__About this task__. Repeat exactly the lines beginning at the one that contains "American Peace Women's" and running to the end of the material. Omit the pictures.

---------- Input data ----------

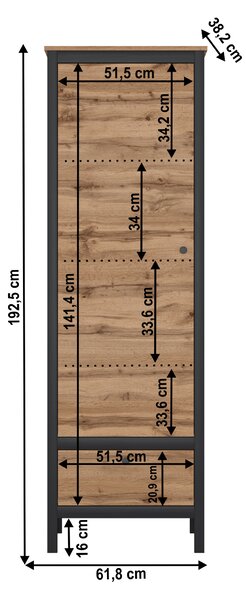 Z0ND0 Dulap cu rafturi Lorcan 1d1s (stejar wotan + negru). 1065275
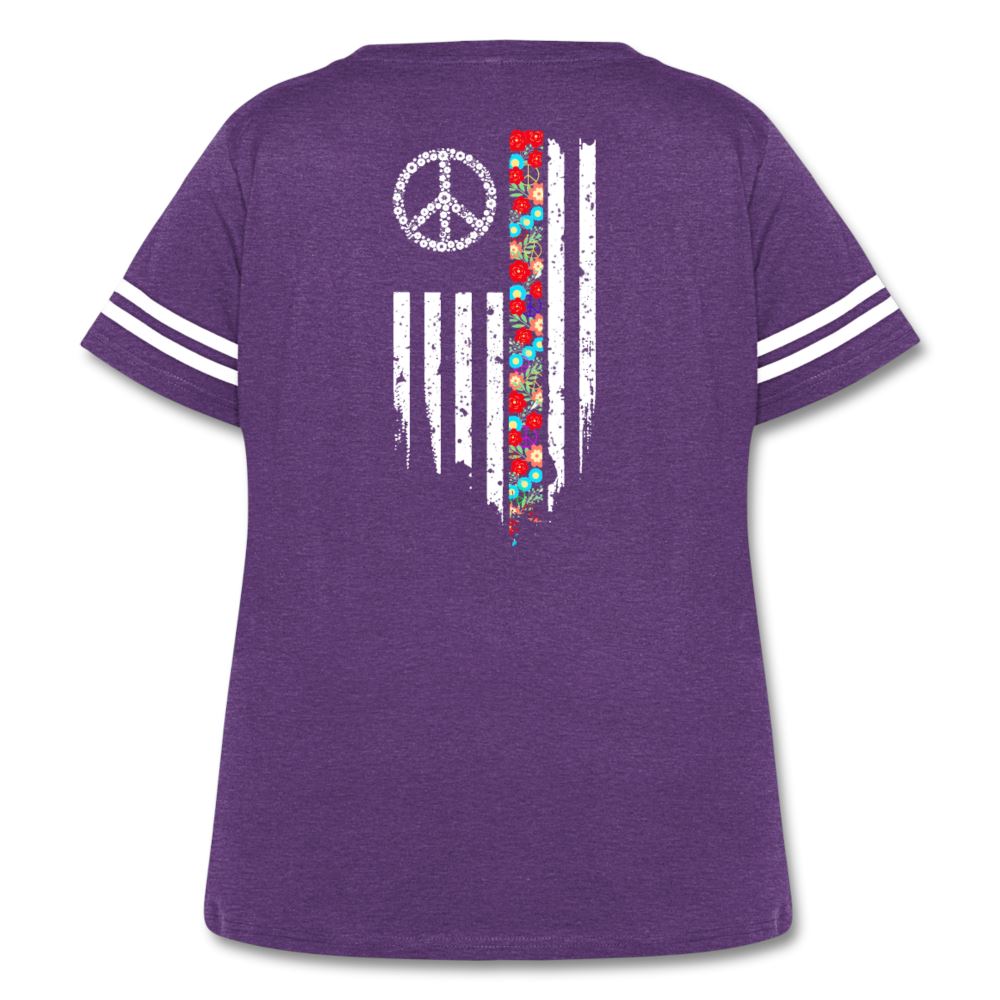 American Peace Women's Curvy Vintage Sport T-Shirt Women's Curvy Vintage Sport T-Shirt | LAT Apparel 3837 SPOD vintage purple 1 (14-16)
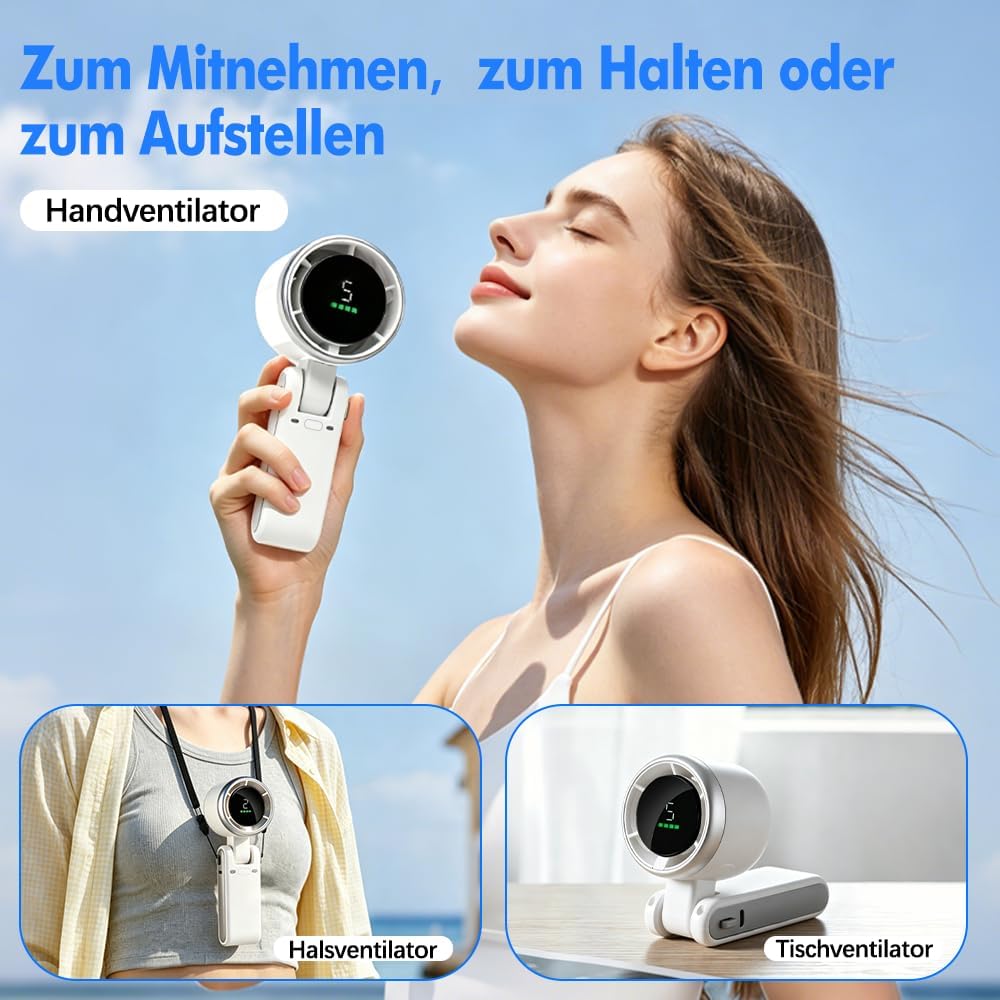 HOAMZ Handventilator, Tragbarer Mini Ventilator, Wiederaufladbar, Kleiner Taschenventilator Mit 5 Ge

----------

__Response to this task__.
 American Peace Women's Curvy Vintage Sport T-Shirt Women's Curvy Vintage Sport T-Shirt | LAT Apparel 3837 SPOD vintage purple 1 (14-16)
 HOAMZ Handventilator, Tragbarer Mini Ventilator, Wiederaufladbar, Kleiner Taschenventilator Mit 5 Ge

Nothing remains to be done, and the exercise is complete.